C’è una sorta di filo di Arianna che percorre le sue numerose opere, quelle di «una vita lunga un secolo», come recita il titolo della sua bella biografia, a cura di Heimo Schwilk. Non è solo che Jünger è morto, nel 1998, alla non giovane età di 102 anni (era ormai prossimo ai 103!) perfettamente consapevole e lucido, lasciandosi dietro le spalle una serie impressionante di capolavori letterari e filosofici. E nemmeno che il «secolo» di Jünger, il XX, è quello che ha visto tutti i disastri di cui noi paghiamo le conseguenze. È che quello di Jünger è un percorso che attraversa tutto il dramma dell’uomo contemporaneo e lancia un messaggio poderoso: il nichilismo può essere superato solo se attraversato e non semplicemente ignorato o condannato. 



Si badi: attraversato, non necessariamente condiviso. Jünger, peraltro, dal nichilismo era partito, forse da un nichilismo estetico ed eroico, non vuoto e inconsistente, ma pur sempre nichilismo, almeno nella sua tensione profonda: quello che lo portava a meditare Nietzsche, mentre intorno a lui fischiavano i proiettili nelle trincee della Somme. Ferito quattordici volte, sopravvissuto alla Grande Guerra e pluridecorato, dalla croce di ferro alla Pour Le Mérite, l’ultima  assegnata dall’Impero tedesco prima della sua fine, Ernst Jünger divenne rapidamente un mito, di fronte a cui si fermò persino la furia totalizzante del Terzo Reich, che non riuscì mai a strumentalizzarlo o piegarlo. Jünger rappresentava, nelle sue cicatrici e nelle sue opere, la vecchia Germania dei grandi principi e valori, quella della terra e del sangue, orgogliosamente aristocratica nella comprensione di se medesima, ma sostanzialmente incompatibile con un modello ideologico totalizzante.



Il punto è che, anche quando si abbeverava ai miti nietzschiani, Jünger, in realtà, non era realmente e radicalmente nichilista, essendo piuttosto un uomo in ricerca, che si guardava intorno senza che i fondamenti, ereditati dalla tradizione, reggessero più. L’atteggiamento nichilista, per cui la norma dovrebbe limitarsi a codificare un desiderio lasciato a se stesso, gli era lontanissimo, quanto meno perché era la negazione della dimensione “eroica”. Per lui il desiderio veniva prima delle sue codificazioni. Alla fine delle Tempeste di acciaio — il fortunato romanzo in cui in uno stile freddo e impersonale viene presentata la guerra di trincea — Jünger ricorda l’alfiere morto per salvarlo, gravemente ferito nella terra di nessuno, dopo un assalto folle e disperato contro il Nemico che ormai avanzava dovunque. È Il cuore avventuroso, per citare il titolo di un altro suo celebre romanzo, a dettare all’alfiere quell’atto così coraggioso, non una serie di astratti principi filosofici. 
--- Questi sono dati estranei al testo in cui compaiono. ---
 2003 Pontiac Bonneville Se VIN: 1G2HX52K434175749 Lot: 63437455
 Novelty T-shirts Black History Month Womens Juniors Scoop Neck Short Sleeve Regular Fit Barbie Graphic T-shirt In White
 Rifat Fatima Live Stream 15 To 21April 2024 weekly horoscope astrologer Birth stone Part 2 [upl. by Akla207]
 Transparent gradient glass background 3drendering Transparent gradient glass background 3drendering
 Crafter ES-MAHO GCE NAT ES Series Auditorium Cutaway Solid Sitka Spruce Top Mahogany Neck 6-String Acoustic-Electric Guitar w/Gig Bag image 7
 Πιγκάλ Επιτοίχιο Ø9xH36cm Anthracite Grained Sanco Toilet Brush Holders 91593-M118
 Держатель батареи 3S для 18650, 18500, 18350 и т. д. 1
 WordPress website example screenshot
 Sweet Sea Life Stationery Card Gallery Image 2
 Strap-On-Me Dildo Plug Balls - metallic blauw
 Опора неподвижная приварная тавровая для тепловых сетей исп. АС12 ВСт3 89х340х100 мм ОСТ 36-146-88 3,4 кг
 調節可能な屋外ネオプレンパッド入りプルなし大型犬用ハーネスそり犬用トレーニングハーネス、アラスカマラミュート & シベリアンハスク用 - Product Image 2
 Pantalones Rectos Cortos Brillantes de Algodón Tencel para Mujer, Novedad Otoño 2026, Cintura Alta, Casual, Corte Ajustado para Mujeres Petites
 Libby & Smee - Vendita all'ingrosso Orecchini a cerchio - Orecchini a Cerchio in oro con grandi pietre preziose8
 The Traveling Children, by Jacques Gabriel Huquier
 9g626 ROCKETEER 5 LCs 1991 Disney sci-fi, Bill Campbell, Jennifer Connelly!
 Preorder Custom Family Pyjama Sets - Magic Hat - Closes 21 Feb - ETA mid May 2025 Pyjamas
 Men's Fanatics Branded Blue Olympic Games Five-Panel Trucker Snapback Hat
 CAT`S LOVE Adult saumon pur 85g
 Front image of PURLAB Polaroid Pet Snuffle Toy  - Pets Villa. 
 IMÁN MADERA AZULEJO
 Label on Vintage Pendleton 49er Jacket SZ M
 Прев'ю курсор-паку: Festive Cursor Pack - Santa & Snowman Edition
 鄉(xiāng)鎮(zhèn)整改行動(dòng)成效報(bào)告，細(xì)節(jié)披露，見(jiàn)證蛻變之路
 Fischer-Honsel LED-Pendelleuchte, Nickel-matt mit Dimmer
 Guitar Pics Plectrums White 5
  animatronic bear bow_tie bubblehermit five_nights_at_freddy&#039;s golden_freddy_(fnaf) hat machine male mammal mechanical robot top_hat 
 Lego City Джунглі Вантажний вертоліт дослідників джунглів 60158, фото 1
Ed è questo medesimo cuore a guidare, passo dopo passo, la resistenza umana a impedire che il sistema, con le sue rigidità ideologiche, ingabbi e paralizzi quel che resta di un intimo e nascosto impeto di libertà, come nel romanzo Sulle scogliere di marmo, risalente agli anni del potere nazionalsocialista, dove Jünger prefigura un mondo cristallizzato dal Potere che tutto decide e definisce. Per lui, anche da giovane lettore di Nietzsche, la vita e il mondo non erano e non sono privi di senso, né la morale non esiste o non esistono valori. I valori sono talmente “dentro” da sfuggire a qualunque classificazione. Anzi: il coraggio, l’umanità e i valori sono un’unica e medesima realtà, che si concretizza dapprima nella figura dell’eroe e, poi, si trasfigura in quella dell’operaio, Der Arbeiter

Perché, allora, il nichilismo? Perché esso è la tentazione estrema della civiltà. Non è solo il comunismo, per riprendere un detto di Armin Mohler — celebre, e ingrato discepolo di Jünger —, a essere un sistema politico per popoli sottosviluppati. Lo sono tutte le ideologie. Il nichilismo, no. Il nichilismo è il lusso delle società ipersviluppate e, più precisamente, delle loro élites, lasciando alla massa il proprio essere null’altro che materiale informe di manovra. Si trova un nichilismo in nuce in ogni società avviata verso il declino, non solo nella nostra epoca. Ma, in quest’ultima, il nichilismo e il declino coincidono tragicamente. A Jünger, peraltro, il declino della civiltà interessava infinitamente meno del destino del singolo uomo. È un tratto, in qualche modo biblico, che accompagna tutta la sua produzione letteraria. E questo uomo — eroe, operaio, anarca, ribelle — è ultimamente solo davanti a questo suo destino.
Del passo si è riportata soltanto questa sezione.